Key characteristics:
- Construction-time partitioning: Parameters are sharded immediately upon creation, before the model is fully constructed
- On-demand gathering: Full parameters are assembled via AllGather before each forward/backward operation
- Immediate release: Gathered parameters are discarded after use to reclaim memory
- Offloading support: Parameter shards can be offloaded to CPU or NVMe for further memory savings
Usage
Wrap model construction inside the deepspeed.zero.Init() context manager when using ZeRO Stage 3. This is required for models too large to fit in a single GPU's memory.
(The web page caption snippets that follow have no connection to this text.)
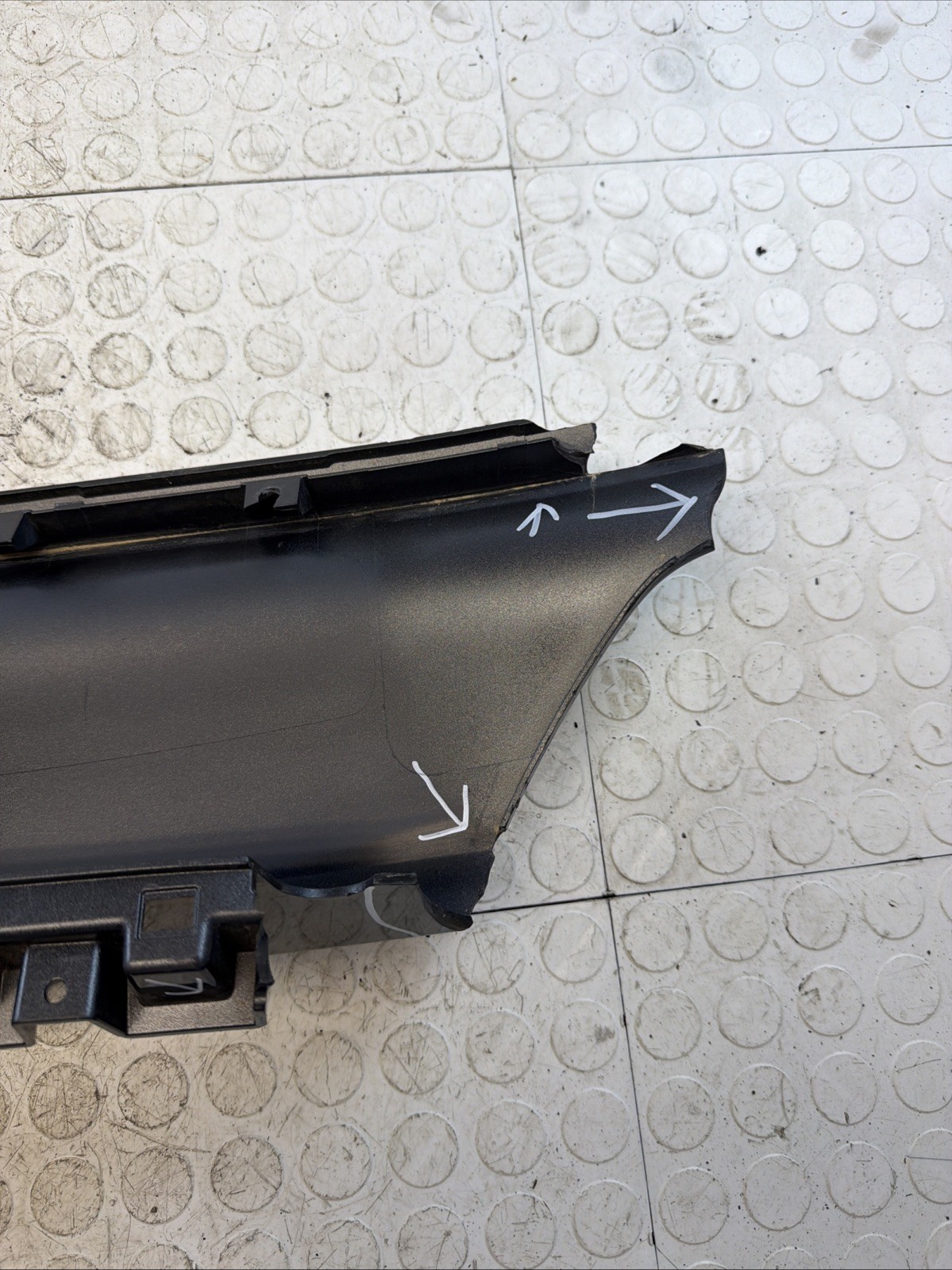 2017-2023 Audi R8 Coupe Rear Upper Bumper Cover OEM Panel Logo 4S8807649D DAMAGE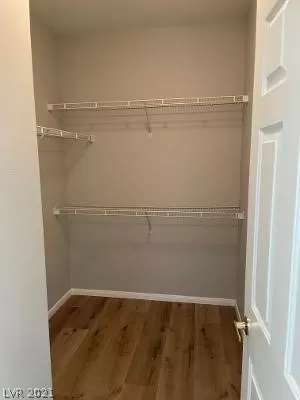 Photo #6: 2354035 Listing 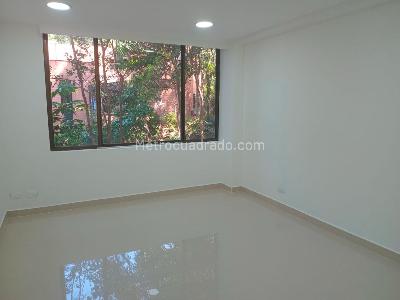 Apartamento de 3 alcobas en arriendo en Las Lomas, Medellín, 113 m² · foto 8 de 19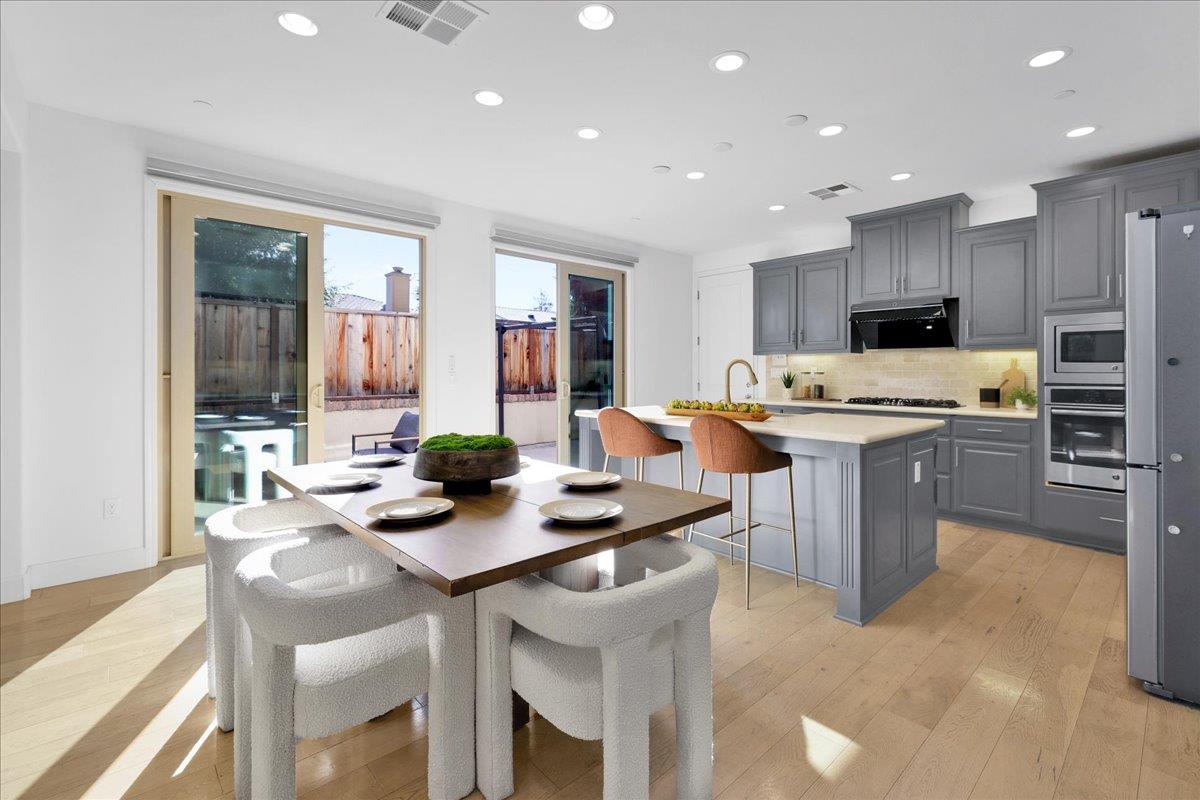 3134 Via Siena PL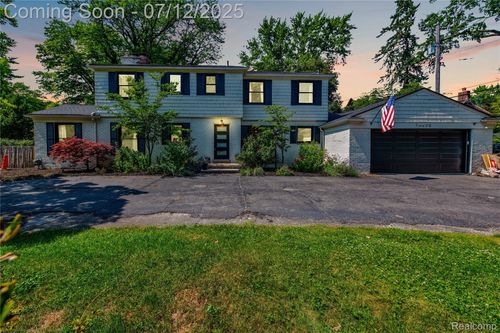 16635 E Jefferson Ave, Grosse Pointe Park, MI, 48230-1442 | Card Image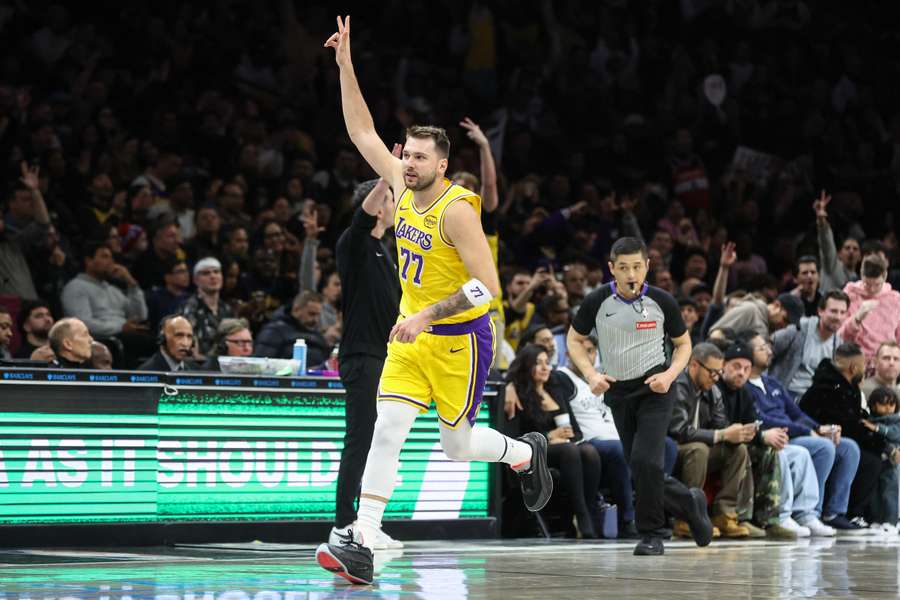 Doncic celebra una canasta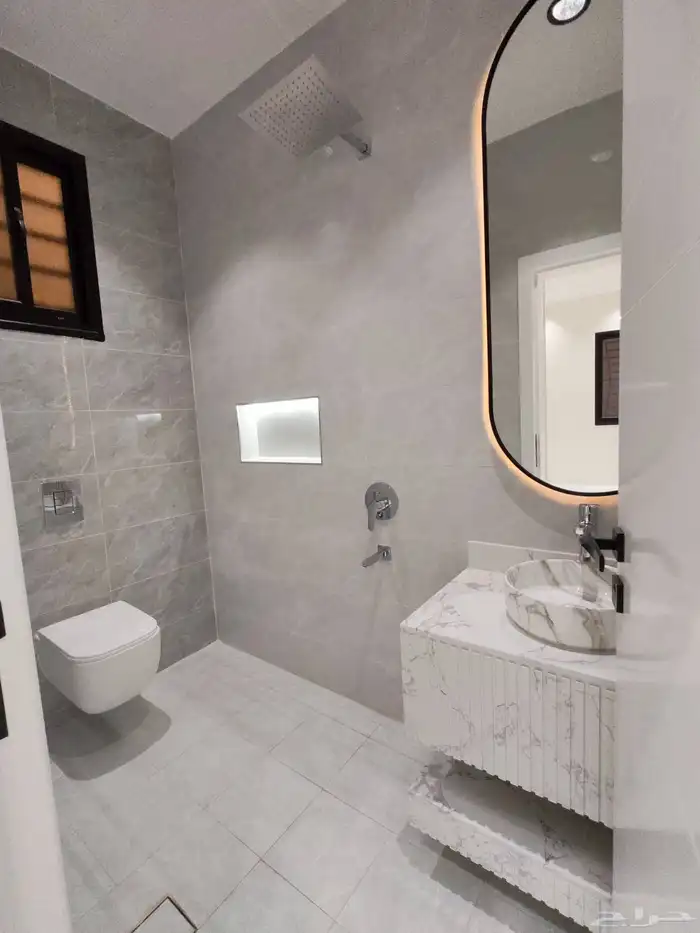 للبيع بحي الاسكان شقق علويه من 550 الف بسطح خاص ومصعد شغال 23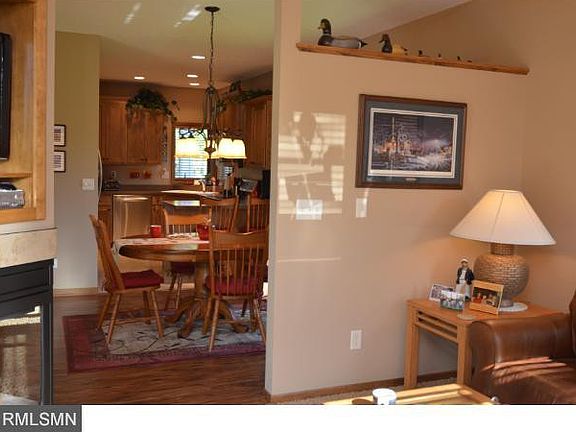 3rd image of 860 Briarwood Dr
For models that fit in memory, ZeRO Stage 3 is optional but still reduces per-GPU memory footprint.
Theoretical Basis
ZeRO-3 parameter partitioning: For a model with P parameters across N GPUs, each GPU stores P/N parameters. Full parameters are gathered via AllGather before each forward/backward operation and discarded after.
Memory per GPU:
- Parameters: O(P/N) persistent storage + O(P) temporary during computation
- Gradients: O(P/N) after reduce-scatter
- Optimizer states: O(P/N) (e.g., 2 states for Adam: momentum and variance)
Communication overhead:
- Forward pass: One AllGather per layer to reconstruct full parameters
- Backward pass: One AllGather per layer (for parameter gradients) + one ReduceScatter per layer (for gradient partitioning)
- Total volume: 3x the parameter size per training step (vs. 2x for ZeRO-2)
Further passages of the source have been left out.